Entries taken from a collection

BEGIN

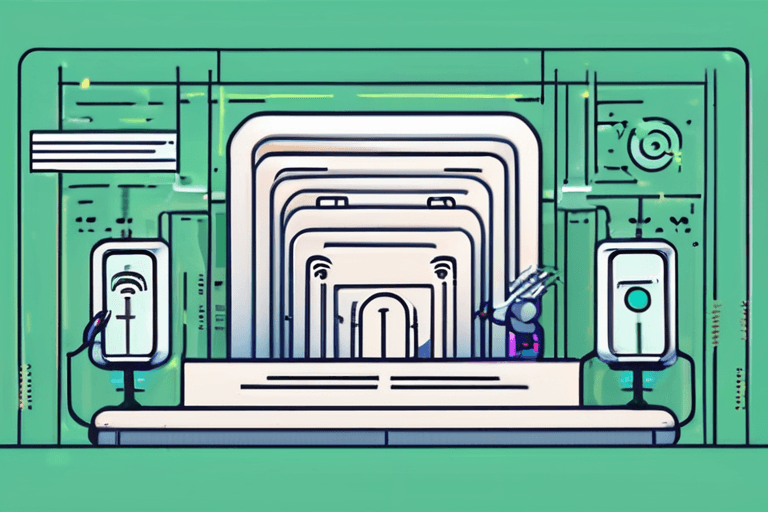 IA Orquestra Limites de Privacidade: Projeto Superagente da Airtable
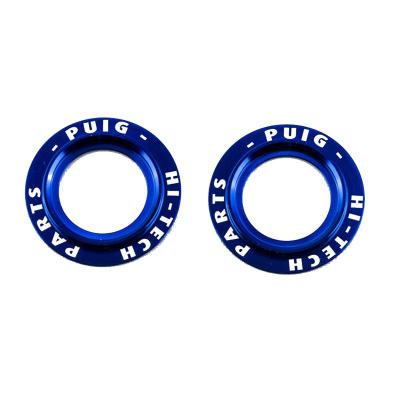 Insert Roulette Bras Oscillant Puig PHB19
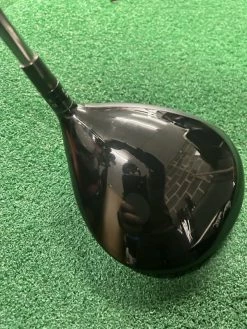 Titleist TSi3 9.0° Driver // Stiff -Deals Golf Clubs Store 09B4E3A7 22BD 433B BEA1 74D1CB12B216 600x800 1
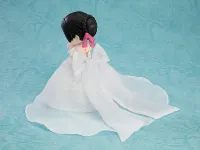 GOOD SMILE COMPANY Nendoroid Doll Outfit Set: Wedding Dress - Figure Accessories - photo 4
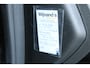 Opel Karl 1.0 Rocks Online Edition Automaat 1e Eigenaar
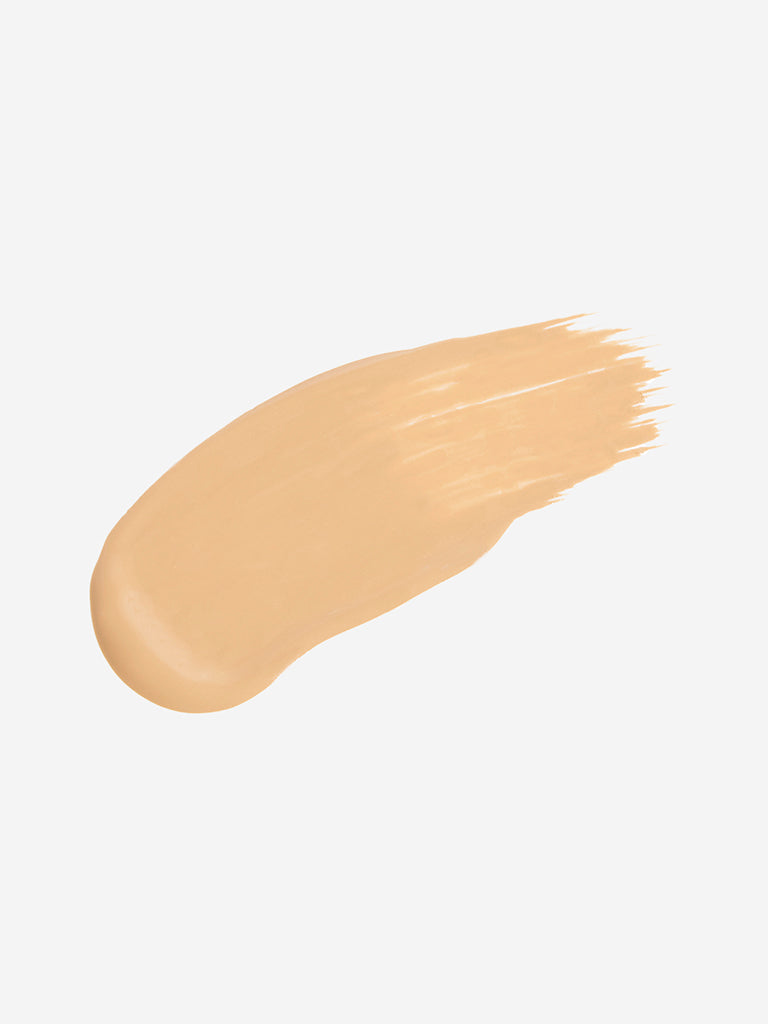 Studiowest Vanilla Blurr On Foundation - 30 ml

END

WHAT IS BEING ASKED:
Word for word, reproduce all the data, but not the pictures.

ANSWER TO THIS EXERCISE:
 IA Orquestra Limites de Privacidade: Projeto Superagente da Airtable
 Insert Roulette Bras Oscillant Puig PHB19
 Titleist TSi3 9.0° Driver // Stiff -Deals Golf Clubs Store 09B4E3A7 22BD 433B BEA1 74D1CB12B216 600x800 1
 GOOD SMILE COMPANY Nendoroid Doll Outfit Set: Wedding Dress - Figure Accessories - photo 4
 Opel Karl 1.0 Rocks Online Edition Automaat 1e Eigenaar
 Studiowest Vanilla Blurr On Foundation - 30 ml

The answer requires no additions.